Reporting from Washington — President Obama's "timid" response to the crisis in Libya made it more difficult to remove Moammar Kadafi from power, former Minnesota Republican Gov. Tim Pawlenty charged Tuesday.
Pawlenty, who became the first top-flight Republican to form a presidential exploratory committee last week, said that he supported the U.S. airstrikes against the Libyan dictator, but would have acted sooner when rebel forces had "substantial momentum."
"Now we're in this position of having the president of the United States saying Kadafi must go, but we're not going to necessarily make him go. And that's untenable," he said.
Pawlenty's comments, in an interview on MSNBC's "Morning Joe," stand out because most of the other Republicans considered likely to seek the party's nomination have yet to respond to the president's speech Monday night.
There is a danger for would-be candidates seeking to match a uniquely presidential moment like Monday, a nationally televised address from the nation's commander in chief. The volatility of events in the Middle East and North Africa offer a particular challenge for a field without a clear foreign policy heavyweight.

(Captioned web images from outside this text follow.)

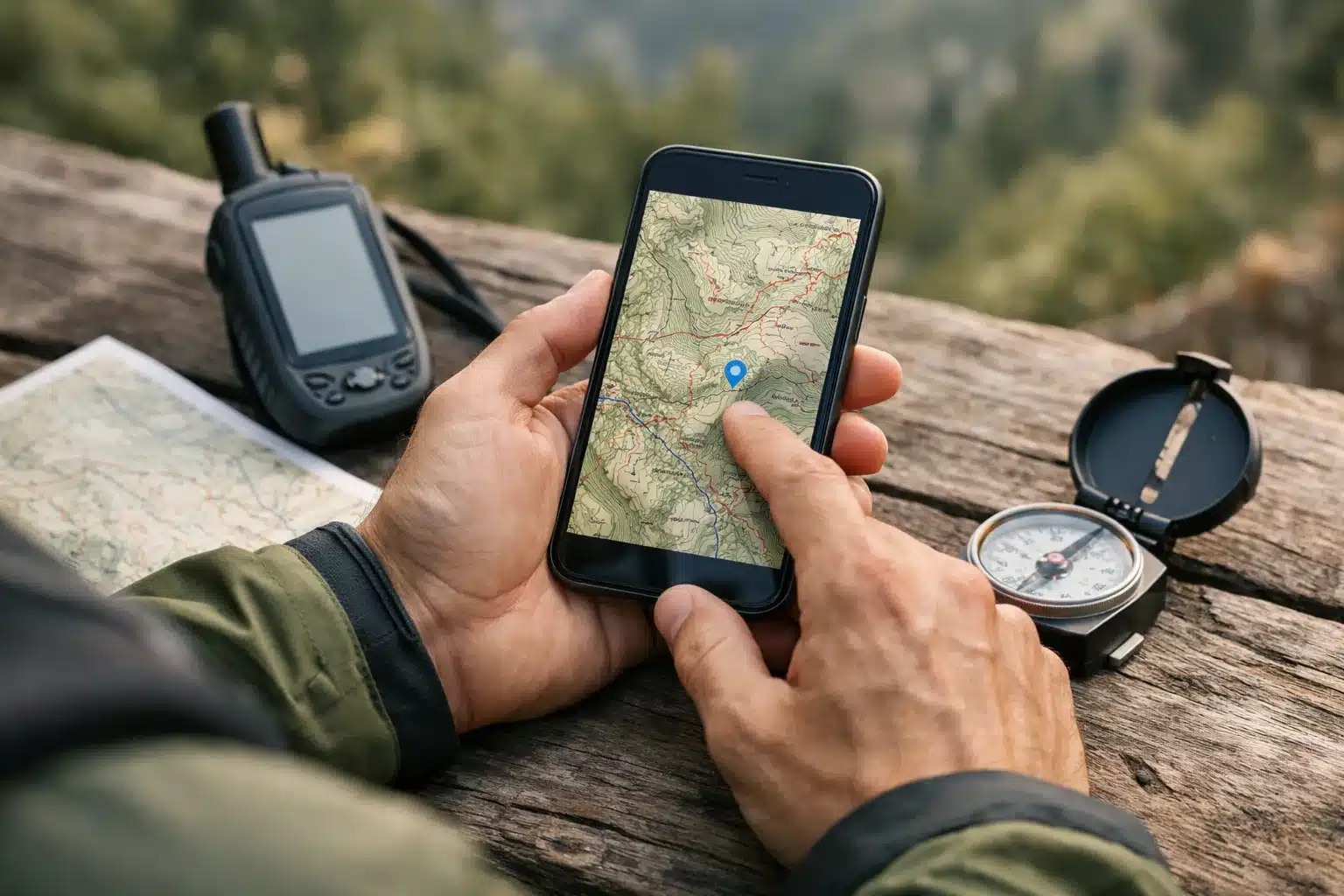 Wander Apps Vergleich mit Offline Karte auf dem Smartphone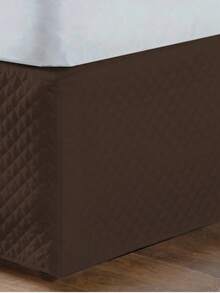 White Quilted Adjustable Box Spring Bed Skirt For Single/Double/Queen Beds - Óxido marrón - Ver 3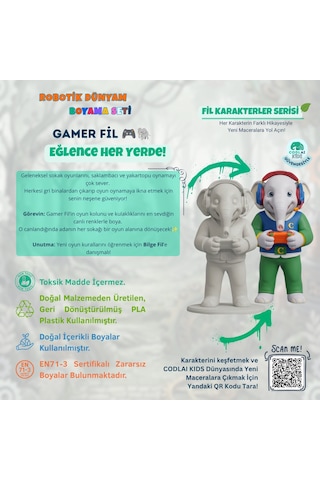 Codlaı Kids Robotik Dünyam 3d Boyama Seti - Çocuklar İçin Eğitici Yaratıcı Oyuncak Boyama Kiti - Gamer Fil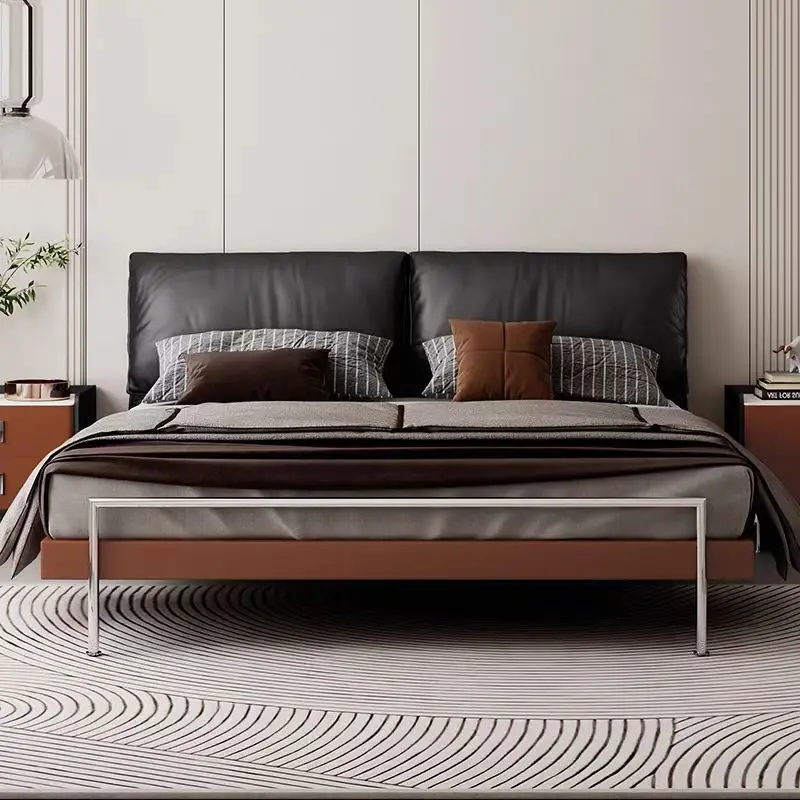

ua-Modern Wooden Beds Bedroom Furniture Upholstered Leather Bed Frame Simple Italian Design Luxurious Bed Furniture Bedroom#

Newt Gingrich, who is raising funds in anticipation of a presidential campaign, has been criticized for his seemingly contradictory positions regarding the situation in Libya. A spokesman said he was traveling Monday and would not be responding to Obama.
In his interview, Pawlenty did not seek to specifically rebut Obama's speech but offered a broader critique of his foreign policy.
"For the leader of the free world, the United States of America, it's not appropriate to be sitting on the sidelines and just watch history unfold without exerting some leadership," he said, later faulting Obama for the "subordination of American interests and power to the Arab League and the United Nations."
The party's last nominee has been more outspoken in reacting to the president's address.
On Fox News Channel on Tuesday, Sen. John McCain (R-Ariz.) called Obama's hesitance to advocate for regime change "incomprehensible."
"He obviously doesn't understand that if we don't overthrow Kadafi, we risk a stalemate," he said.
For his part, Obama will continue making his case Tuesday during a series of interviews with network anchors in New York, where he also is speaking at the dedication of the new United States mission to the United Nations.